A organização pode ser judaica, mas a ajuda humanitária é secular, sublinha Israel Sabag: “Aqui ajudamos todos os que precisam, não importa a cor da pele, religião ou qualquer outra diferença. Somos todos humanos e fazemos de tudo para o que o refugiado se sinta confortável e se sinta amado, acima de tudo.”

Aliás, as autoridades israelitas, além dos 100 mil judeus, também previam receber até 5000 ucranianos não judeus fugidos da guerra e aos 20 mil que chegaram ainda antes de rebentar o conflito vai dar autorizações de residência temporária. A decisão de cobrar 10 mil shekels (2330 euros) aos ucranianos à chegada ao aeroporto Ben Gurion, em Telavive, ou às famílias que os vão receber, acabou por não sair do papel depois de ter sido alvo de muitas críticas.

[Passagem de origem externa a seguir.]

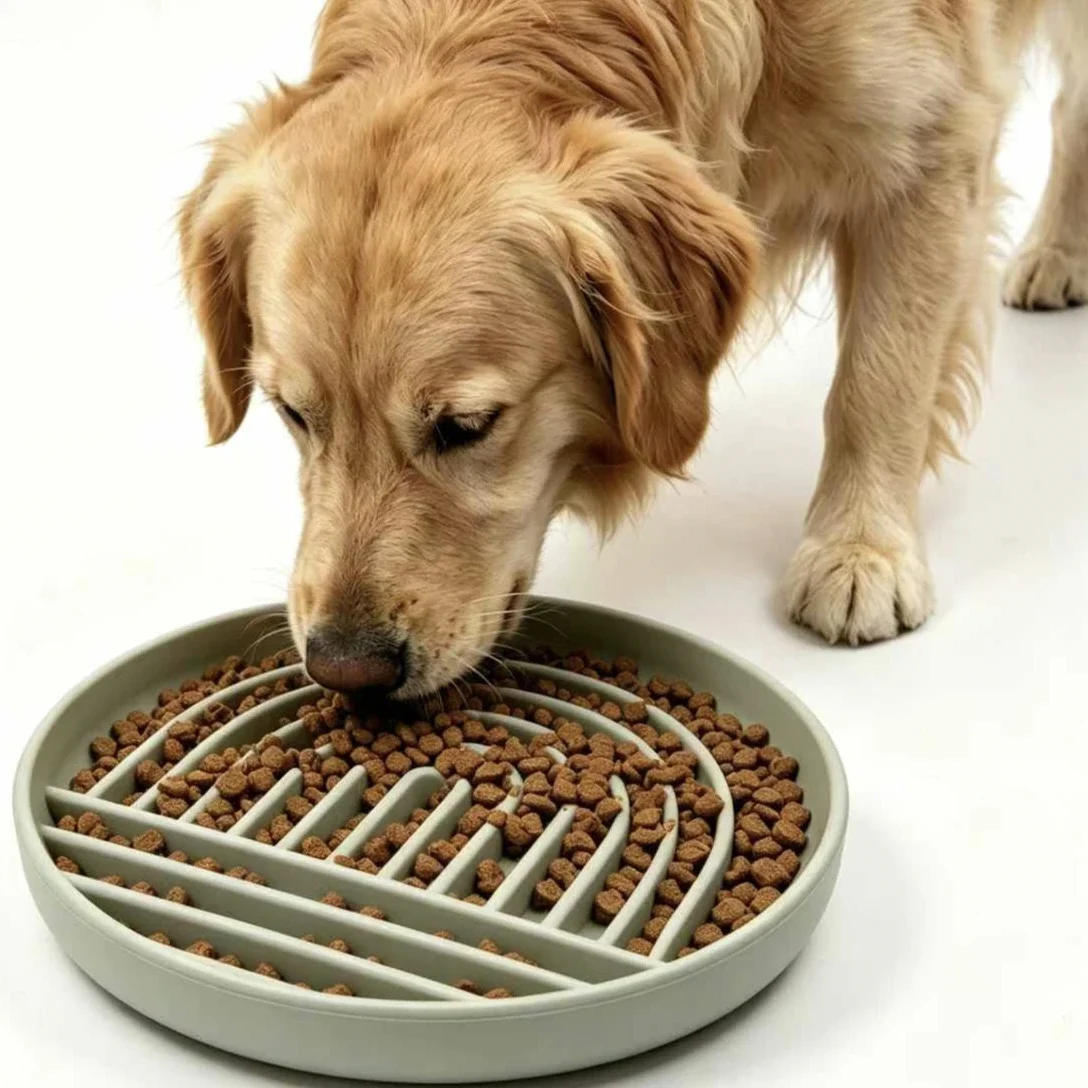 Silicone Slow Feeder Dog Bowl Anti-Choking for Pets Divided Food Dish Anti-Vomit Lick Mat with Non-Slip Plate for Puppies & Cats
Silicone Slow Feeder Dog Bowl Anti-Choking for Pets Divided Food Dish Anti-Vomit Lick Mat with Non-Slip Plate for Puppies & Cats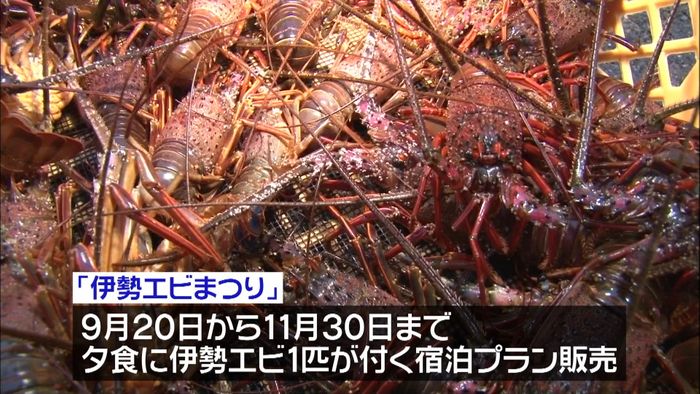 石廊崎漁港で伊勢エビ漁解禁 静岡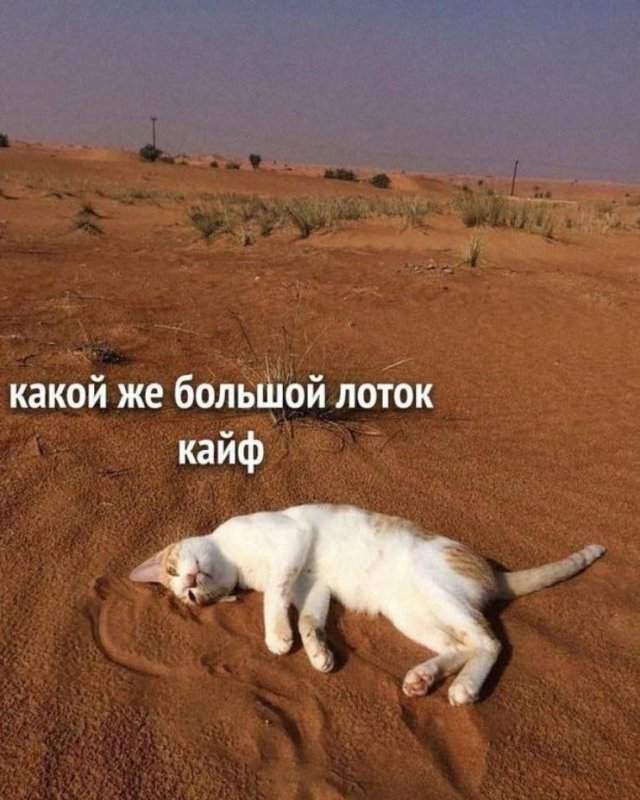 Смешные мемы - 08.07.2025 Смешные мемы - 08.07.2025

No meio do corredor de tendas e mais tendas montadas à beira da estrada em Siret, a The Joint montou a sua que tem um letreiro bem visível em hebraico, inglês e ucraniano, uma expressão que, provavelmente, é a mais calorosa de todas as expressões para quem foge sem mais que o conseguiu carregar, entre filhos uma mala de roupa e um camião de traumas e medos: “Bem-vindo à Roménia”.

Ali naquela tenda, protegidos das temperaturas negativas do Inverno romeno, os refugiados esperam os autocarros que a organização disponibiliza para os levar aos seus destinos. É para elas que Tania Yeliet e a sua família sobem. A jovem, com expressão tensa e um esboço de sorriso, conta que muitos ficaram para trás porque, apesar do medo, não querem “abandonar as suas casas”.

“Acho que não estão a perceber ainda na sua total dimensão o verdadeiro prejuízo” desta guerra, diz a jovem. Não só no que diz respeito a poderem mesmo morrer, mas, sobretudo, “as consequências disto”, desta nova guerra.